お寺の手帖

「お寺の手帖」は暮らしの中で役に立つお寺の知識や、宗派や尊像など、
みなさまが興味をもたれるお話を当寺副住職がわかりやすく語ります。
今月の聖語 令和2年11月
2020年12月1日(火)
おとこのしわざは
女のちからなり
日蓮聖人御遺文「富木尼御前御書」
解説〜夫婦円満の秘訣〜
こんな句があります。夫が「お前みたいなおたふくババを、俺でありゃこそ置いてやる」と言うと、妻はすかさず「私なりゃこそ辛抱もするが、誰がみるぞや痩せ世帯」。

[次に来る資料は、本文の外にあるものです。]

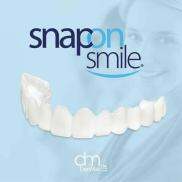 EuroHome Răng thẩm mỹ Snap on smile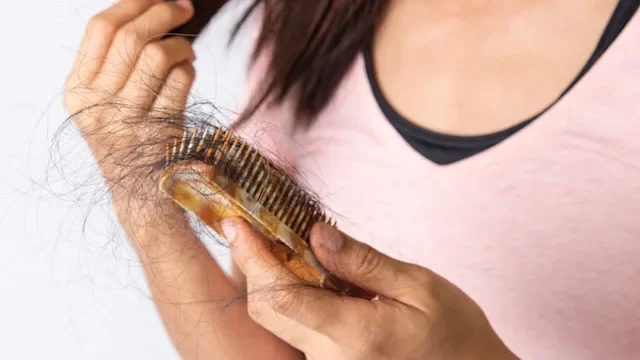 COVID-19: Hair loss: brush full of hair 1305655753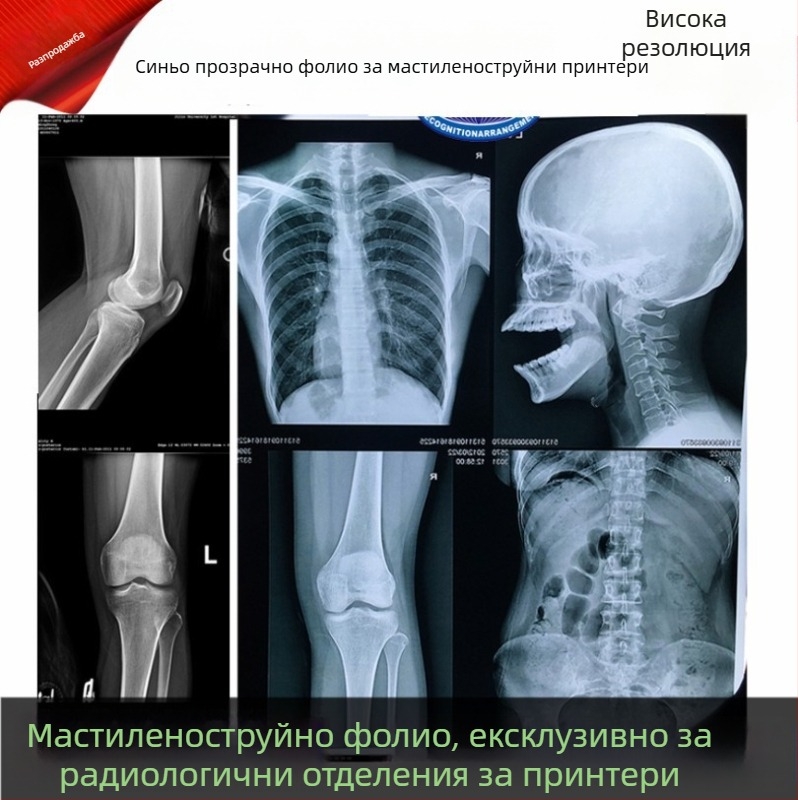 Дентален рентгенов филм за сухо радиологично принтиране, синя основа, Inkjet DR/CR/CT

よくご説教で引かれる道歌です。しかし、この句はこう続きます。
「外で俺が働けるのも、家を貴女が守りゃこそ。私みたいなふつつか者を、貴方なりゃこそ大切に。こそと威張ってこちらにつけりゃ、何とこしゃくと喧嘩ごし。こそと崇めて向こうにつけりゃ、ニッコリ笑ってあなたこそ。喧嘩するのも仲良くするのも、こその付けどこただ1つ」
今月22日はいい夫婦の日です。共に見つめ直して下さい。
日蓮聖人ご遺文「富木尼御前御書」
身延山から富木常忍氏の妻に与えられたお手紙です。
常忍氏が亡き母の遺骨を身延に納骨した折に託されました。妻が生前母によく仕えてくれたと深く感謝する夫の思いを受けて描かれました。
女性が軽視される時代にあって聖人は常に女性の力の偉大さを称賛されています。